TWO POPES ON CHURCH MUSIC: IMAGINARY BUT PLAUSIBLE REFLECTIONS
The brief interview above with a Benedictine music scholar serves as a mini-warm-up to this very unusual survey of Church music today - where it is, why it is where it is, and what it could and should be.
These are imaginary reflections by the current Pope and his predecessor on the state of Church music, as plausibly - and audaciously, in the case of the imagined JP-II 'undelivered address' - presented by one of the world's leading experts on Gregorian chant and other forms of pre-modern liturgical music.
These reflections are hymns in themselves to liturgy as adoration of the Lord and not a vehicle for self-celebration or self-expression.

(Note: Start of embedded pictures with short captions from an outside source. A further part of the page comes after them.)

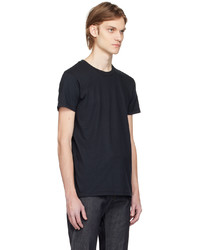 schwarzes Strick T-Shirt mit einem Rundhalsausschnitt von Naked & Famous Denim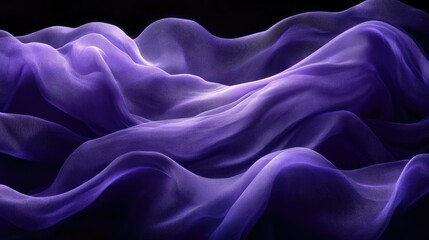Obraz premium Abstract purple waves flowing gracefully across a dark backdrop, creating a dreamy and elegant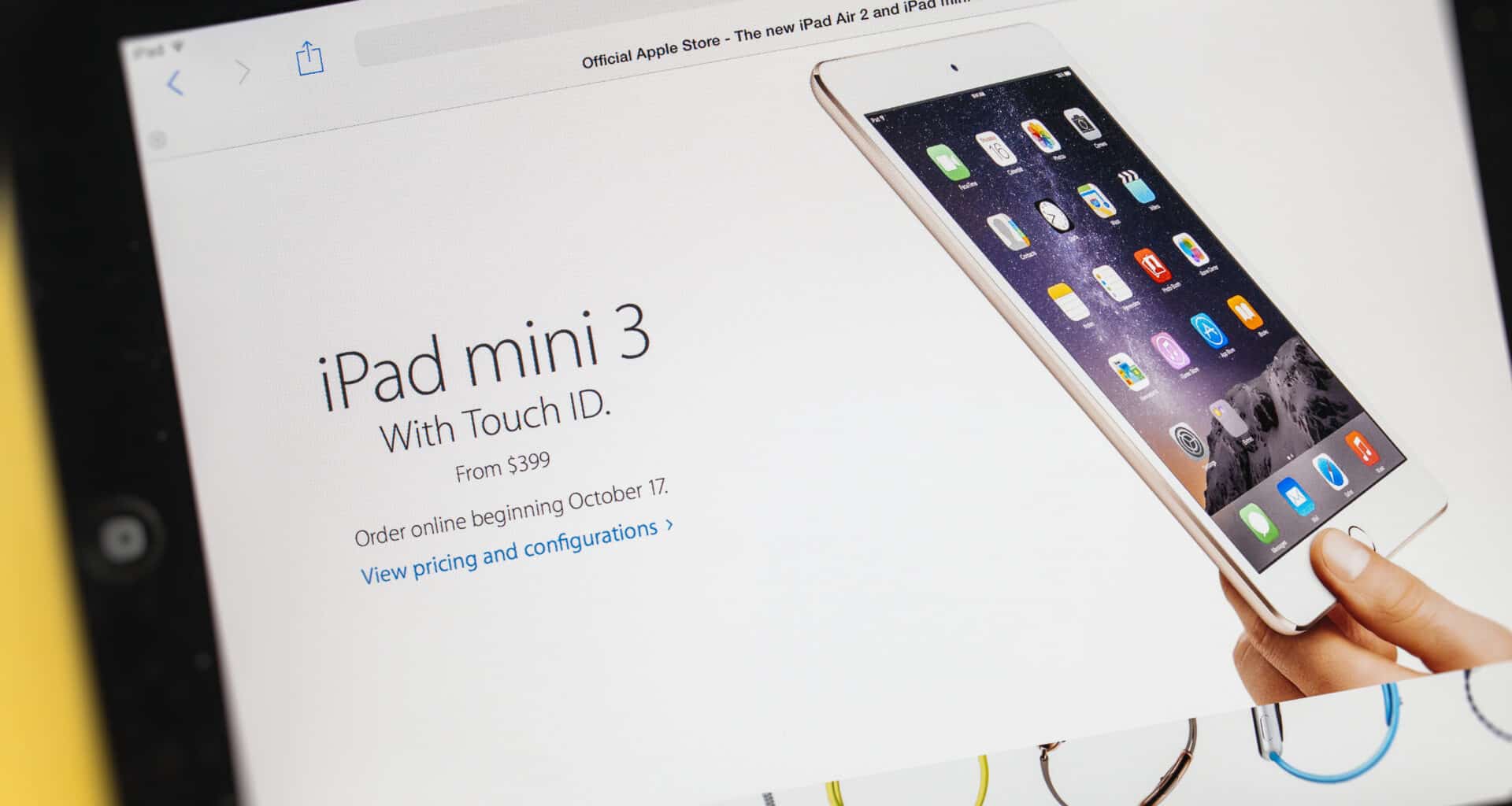iPad mini 3 no site da Apple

----------------------------------------------------------------
Gregorian Chant:
The Secret Thoughts of Joseph Ratzinger
They are well explained by Giacomo Baroffio,
a great expert in liturgical music,
using the device of an imaginary discourse
written by the current pope, and a request
for forgiveness left in his predecessor’s desk
by Sandro Magister
ROMA, October 9, 2006 – Let’s imagine that the document that follows is the discourse that Benedict XVI has prepared for the upcoming feast of saint Cecilia, patroness of music, which falls each year on November 22.
The person who “discovered” the document and sent it to
www.chiesa is professor Giacomo Baroffio, one of the world’s leading specialists in Gregorian chant and liturgical music.

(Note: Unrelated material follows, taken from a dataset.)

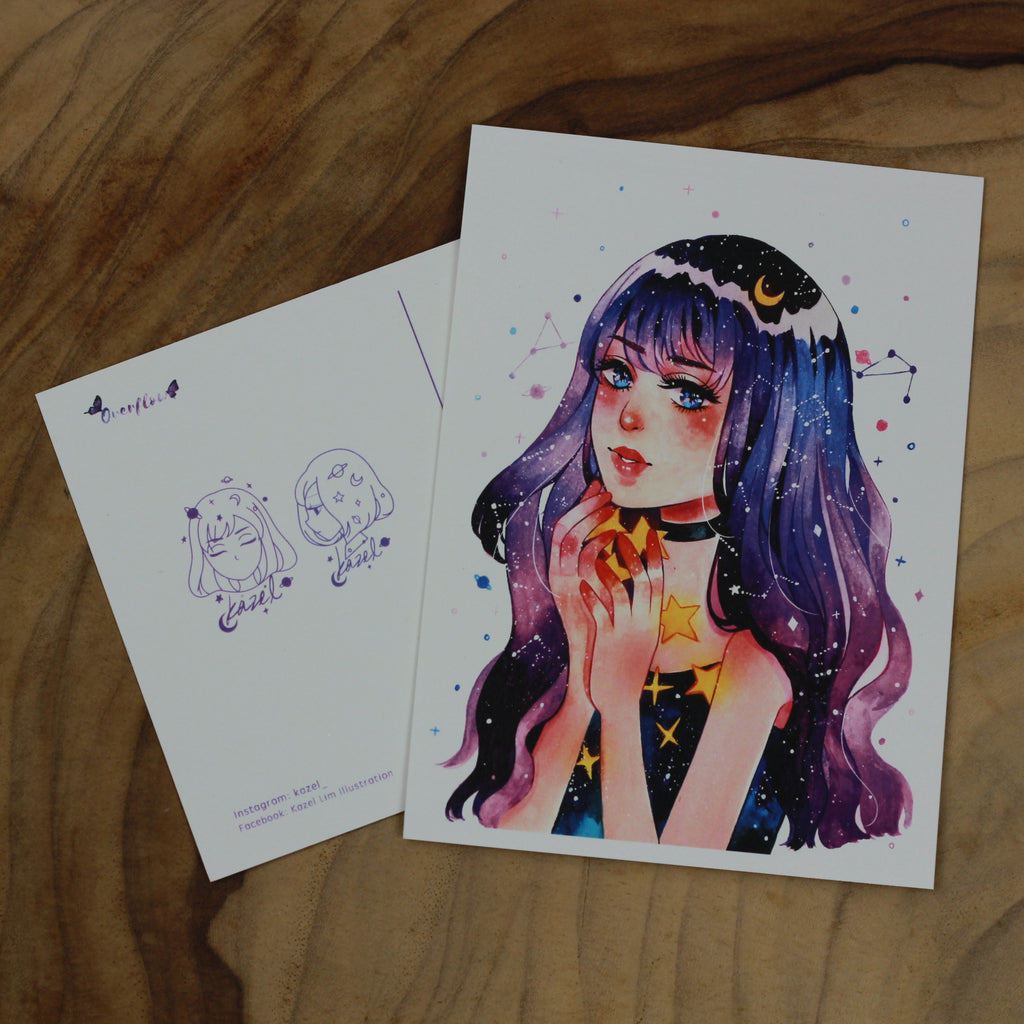 KAZEL LIM Watercolor Art Print Overflow Postcard E – WRITER Stationery ...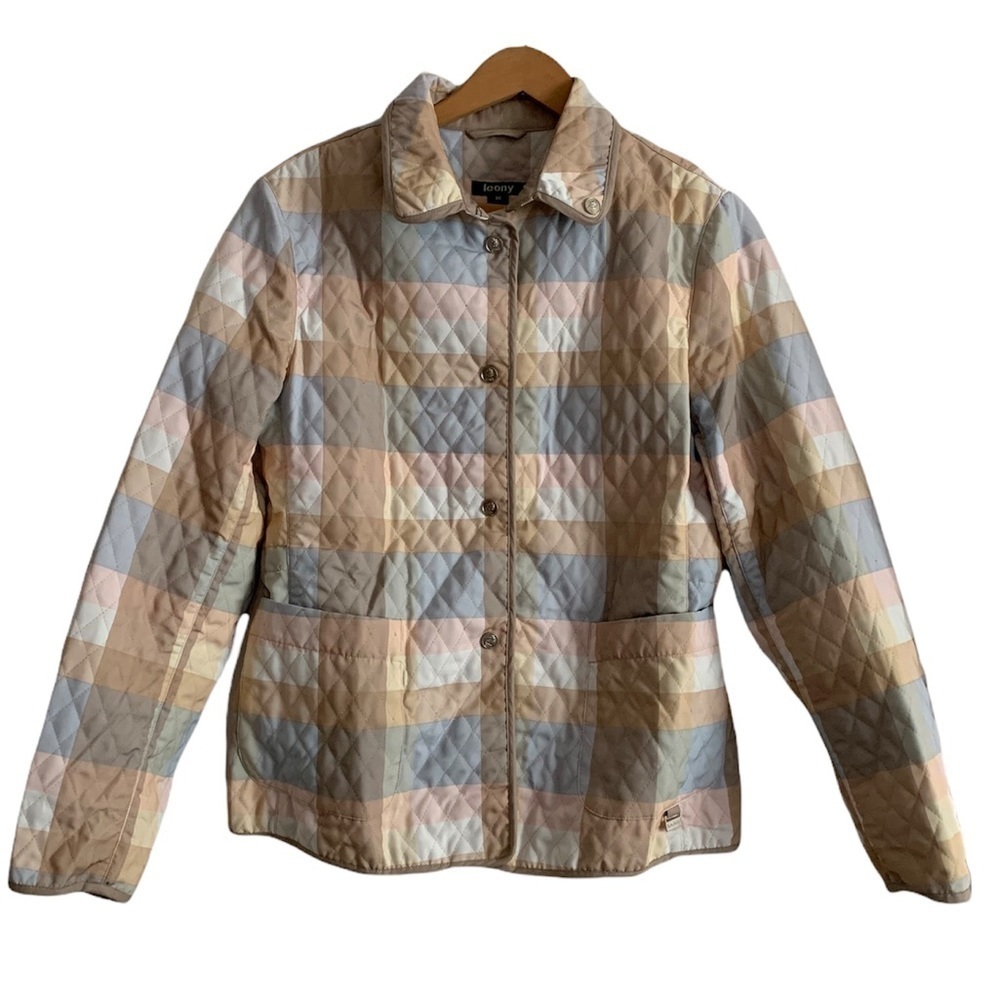 Leony Women’s Quilted Horse Patch Embroidered Snap On Jacket Size Medium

Together with this text, Baroffio has sent us another “previously unpublished document“: a request for forgiveness that John Paul II is imagined to have written for the feast of Saint Cecilia in 2003, but then decided not to deliver.
Instead of this penitential address, on November 22, 2003, pope Karol Wojtyla actually signed a document on sacred music that Baroffio sees as highly disappointing: “an academic commemoration that lurches laboriously from one citation of magisterial documents to another.”

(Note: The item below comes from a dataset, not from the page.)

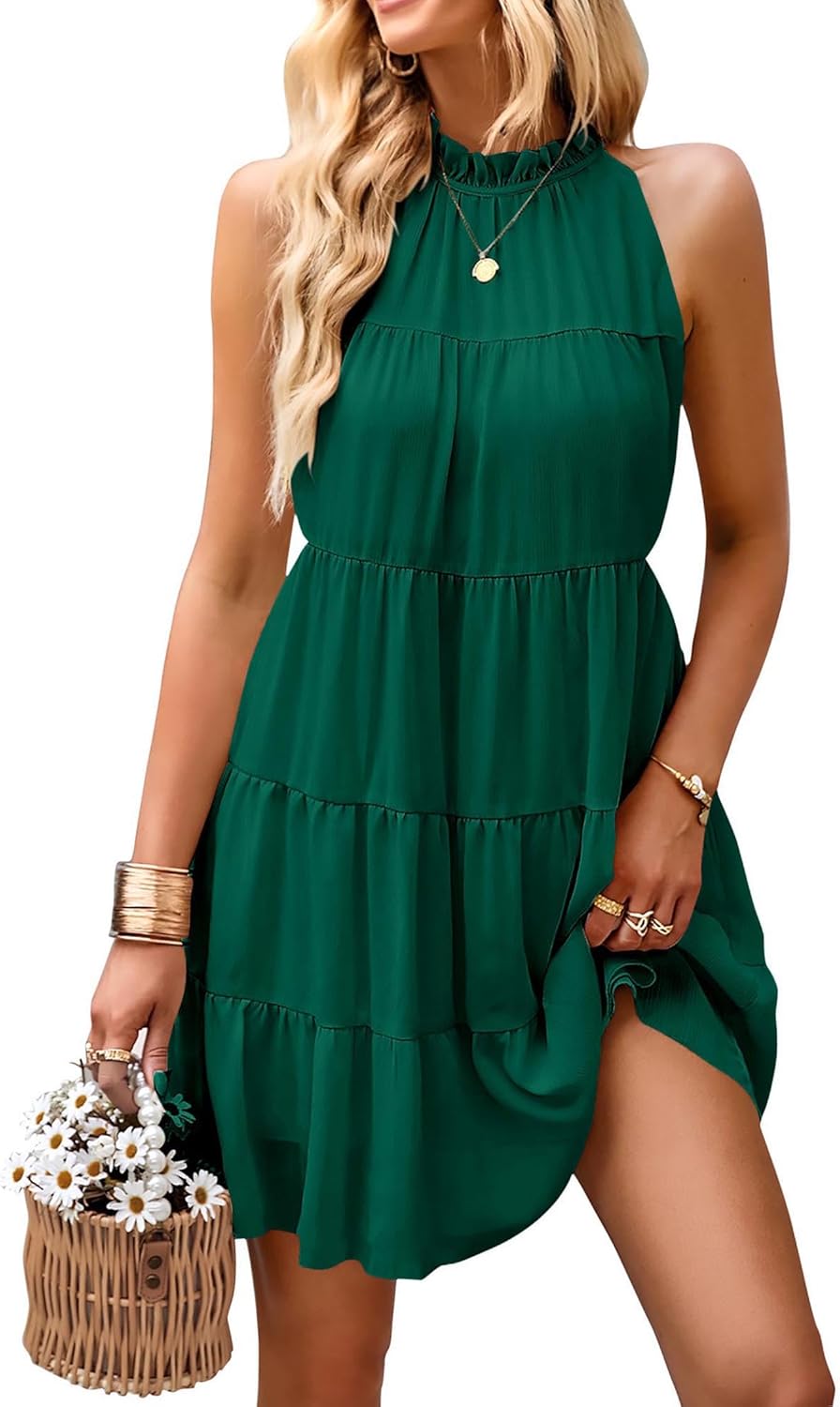 KIRUNDO Womens Summer Dresses 2025 Casual Halter Sundress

Farther down on this page are some of the passages from this imagined new discovery of a request for forgiveness from John Paul II.
But the address by Benedict XVI released here in advance is another that will never be delivered out loud.
That’s because professor Baroffio is playing with a literary device.
The game he’s playing at, however, is dead serious.
Pope Joseph Ratzinger’s thoughts on liturgical music are well known: he has set these forth over the years in articles, books, and speeches.
Also well known are the Church’s needs, expectations, and difficulties in this area.
The imaginary new address attributed to Benedict XVI is the logical outcome of these two factors.
So although it isn’t a genuine address, it’s a plausible one. It was conceived as an imaginative device, but it expresses a dream that could become a reality with this pope.
And here it is:
”I will not let your hopes be disappointed...”
by “Benedict XVI, November 22, 2006”
Beloved brother bishops! Dear Church musicians!
It is with immense joy that I welcome this extensive and representative body of musicians involved in liturgical service from every part of Europe. I great all of you who have come on your own account, or as the appointed representatives of numerous associations and groups.
Let me extend, on everyone’s behalf, a most cordial greeting to the young Bavarian artists, the “Domspatzen,” who graced with beauty the celebrations I presided over in the cathedral of Regensburg, and to the president of the “Consociatio Internationalis Musicæ Sacræ,” with whom I have collaborated on a number of occasions.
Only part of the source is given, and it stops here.